Ad tech is one area not excluded, in fact, it’s ripe for new innovation. Apple and Google are inadvertently layering opportunities for new thinking regarding user privacy in ads with the introduction of their App Tracking Transparency and Attribution API frameworks. Unlike the legacy IDFA and GAID attribution mechanisms, these frameworks are not consistent in schema across iOS and Android, leaving ad measurement in a highly fragmented state. Simultaneously Apple and Google further complicate decision making by keeping IDFA or GAID tracking around and not enforcing 3rd party networks to adhere to any of its new privacy standards.

This leaves advertisers in a precarious position of not knowing what to do. Ad budgets are more shifty than ever. Even as we see Facebook, Snapchat, and Google building new privacy first optimization engines (mainly around iOS SKAdNetwork), most of the industry has gone unchecked and still favors legacy frameworks because they produce the best results. Results of privacy frameworks are shitty at best, their earnings and future projections aren’t at all encouraging investors and advertisers. FB stock is down -40% and Snapchat is down -66% year to date mostly impacted by the new ATT framework imposed by Apple. The new algorithms these companies are building simply aren’t at parity with legacy system ROI.

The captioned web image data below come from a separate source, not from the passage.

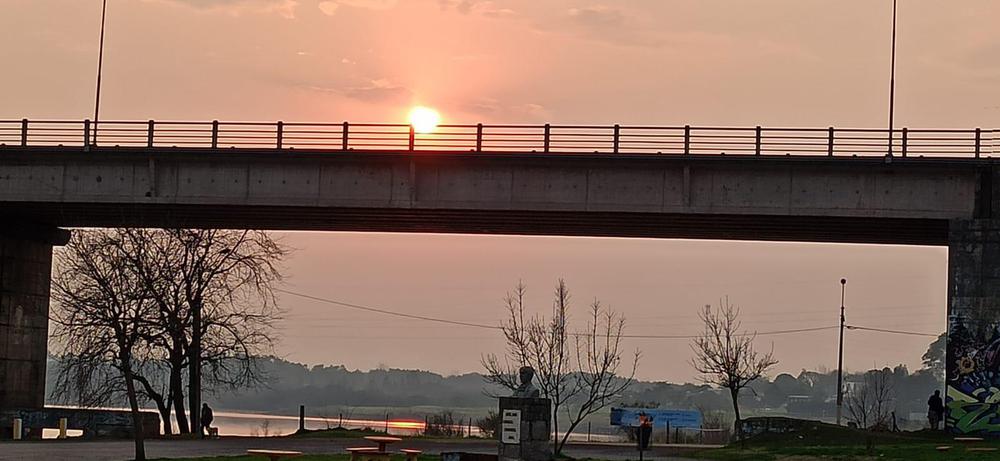 Puente sobre el rio Negro 1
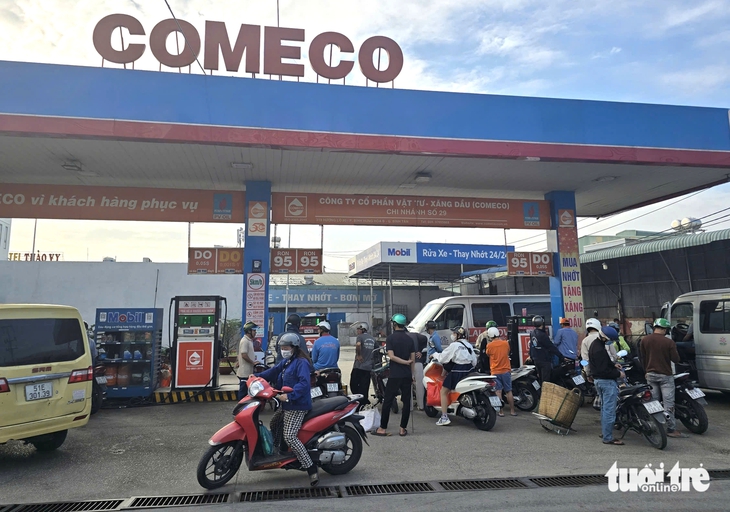 Sở Công Thương TP.HCM: Nguồn cung đảm bảo, giá xăng Việt Nam vẫn thấp hơn nhiều nước trong khu vực - Ảnh 2.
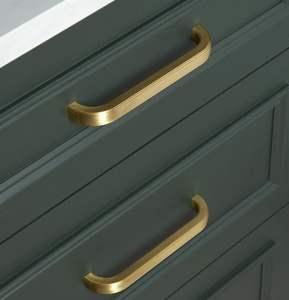Handcrafted brass <b>handle</b> for kitchen <b>cabinets</b> or <b>bathroom</b> drawers with detailed motif ideal for vintage themed interiors - Product Image 5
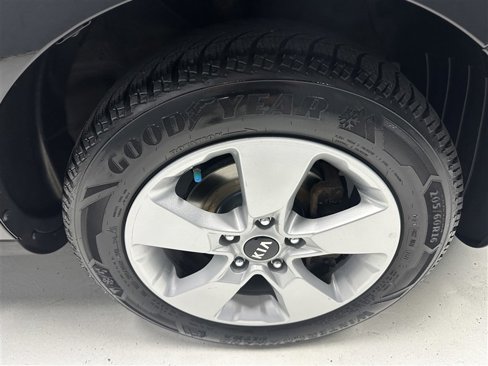 Used 2019 Kia Soul image 14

For any entrepreneur or investor following the mobile ad tech space, the most prudent thing to do is wait til some major decisions are made around enforcement. The big guns are getting the most enforcement from Apple right now (Facebook, Snapchat, Twitter, Pinterest, Google), but it’s unknown how far Apple and Google will go in its quest for its version of idyllic user privacy. Most ads measurement in mobile still utilizes a lot of the older frameworks (IDFA, GAID, and IPUA), and just like any large market in motion, markets will resist any transition to something newly proposed for as long as possible. Ad dollars always shift to performance and, right now, networks that rely on legacy tech are the winners. With billions of marketing dollars in marketing processes that are predictable and measurable in its legacy form, why should there be any reason to change budgets to shift to the privacy frameworks that have lower than parity returns?

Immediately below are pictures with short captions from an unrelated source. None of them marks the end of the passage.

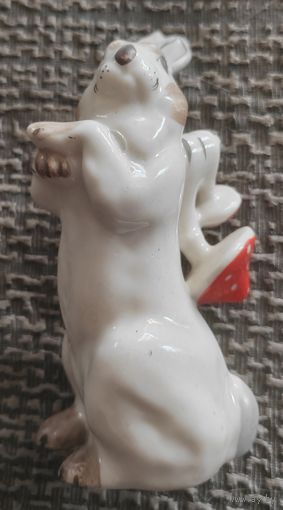 ЗХК Полонне "Заяц с грибами мухоморами" 1950-е фарфор СССР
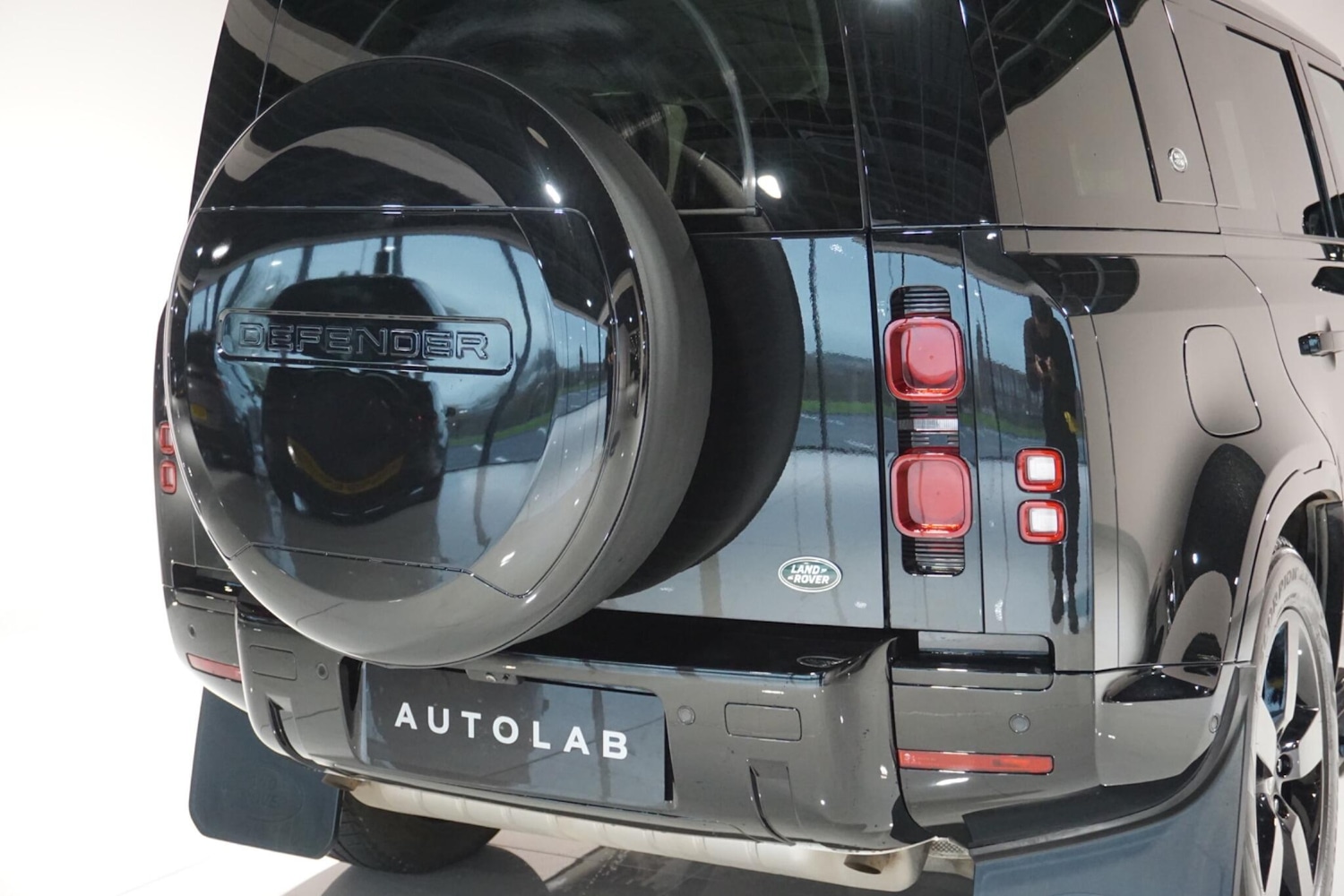 Used Land Rover Defender 110 for sale - 77016423: Photo 69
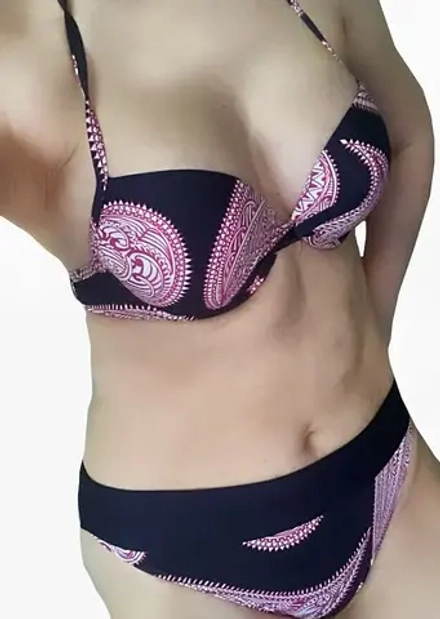 Пляжный купальник с уплотненными чашками (нет ярлыка с размером на трусах)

Over the next 5 years Apple and Google will eventually push their new privacy frameworks on a larger swath of 3rd party incumbents sending the existing $300b ad market into a frenzy. Although newer developers will have the ability to invent around the new privacy standards, incumbents will obviously file multiple anti-trust suits to preserve marketshare. This has already started with some of the “enforced” incumbents: billions of market cap have been erased from Facebook and Snapchat. Any additional spillover will put Apple and Google directly in lawsuit crosshairs.

Applovin, Ironsource, Vungle, and Unity all have huge stakes in how ads get served on these platforms, and any major changes to their businesses would warrant legal action. It’s impossible to imagine those companies going down without a fight individually, much less collectively. These companies have a lot of resources to defend themselves, especially if enforcement comes swiftly through iOS or Android product deprecation. In such a whirlwind scenario, the only possible “out” is where a new ad network and measurement system emerges to deliver parity in marketing performance in a privacy friendly way. Right now, this is the golden goose every new ad tech company is chasing.